The Golden Question
Fundamentals
Gold prices have pulled back slightly this morning, after rallying four straight days on weaker equity index futures prices. The precious metal remained impressively strong last week, posting gains despite weaker energy prices. The continued strength of global equities has fueled speculation that inflationary pressures will begin to pick up speed. While the news that China plans to curb excesses in heavy material industries can be seen as bearish for base metals and energies, the impact on Gold remains to be seen. The overall negative tone the news sets for heavy metals, coal and petroleum could spill over into precious metals, causing stagnation or weakness. On the other hand, traders still bullish commodities in general could exit base metals and energies and enter the precious metals market instead.

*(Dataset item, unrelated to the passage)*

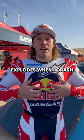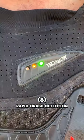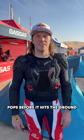The airbag I wear explodes when I crash. This is my Alpinestar airbag jacket. It's the safest out there, and here's why in 60 seconds. You'll see it exploding at the end of the video. The algorithm can detect a crash in 40 milliseconds — that's a blink of an eye — and it pops before it hits the ground.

Some of the choppiness seen in Gold prices is directly related to the movement of the US Dollar, which has remained range-bound for the month of August. The outlook among analysts and traders seems to favor further downside for the greenback going forward under the crushing weight of government spending. The question seems to be when, rather than if, the dollar will falter. For this reason, the long-term outlook for the precious metal remains bullish. Nearer term, it seems that the Gold market could be trapped in range-bound trading, much like the greenback and equity prices.
Trading Ideas
Given the uncertain technical and fundamental outlooks, some traders may wish to enter into a neutral strategy - for example, a condor spread. Traders desiring to explore such a strategy may wish to consider selling the October Gold 1000 call (GCV91000C) and buying the October 1015 call (GCV91015C), for a credit of 2.20. At the same time, some traders may wish to sell the October Gold 900 put (GCV9900P) and buy the October 885 put (GCV9), for a credit of 1.50. The maximum profit on the spread is the initial credit of $370, and the maximum risk is $1,130.
Technicals
Turning to the chart, we see that the December Gold contract continues to trade in a sideways range centering around the 950 level. While the indicators and chart seem to point toward continued choppiness, the risk seems to remain on the downside. If the December contract were to close below the 930 level in the near-term, it would confirm a head and shoulders top, which could send prices below the key psychological 900 mark. Conversely, a close above 970 would negate the pattern and be seen as an upside breakout. The momentum indicator is showing slight bearish divergence from both price and RSI, indicating possible near-term weakness.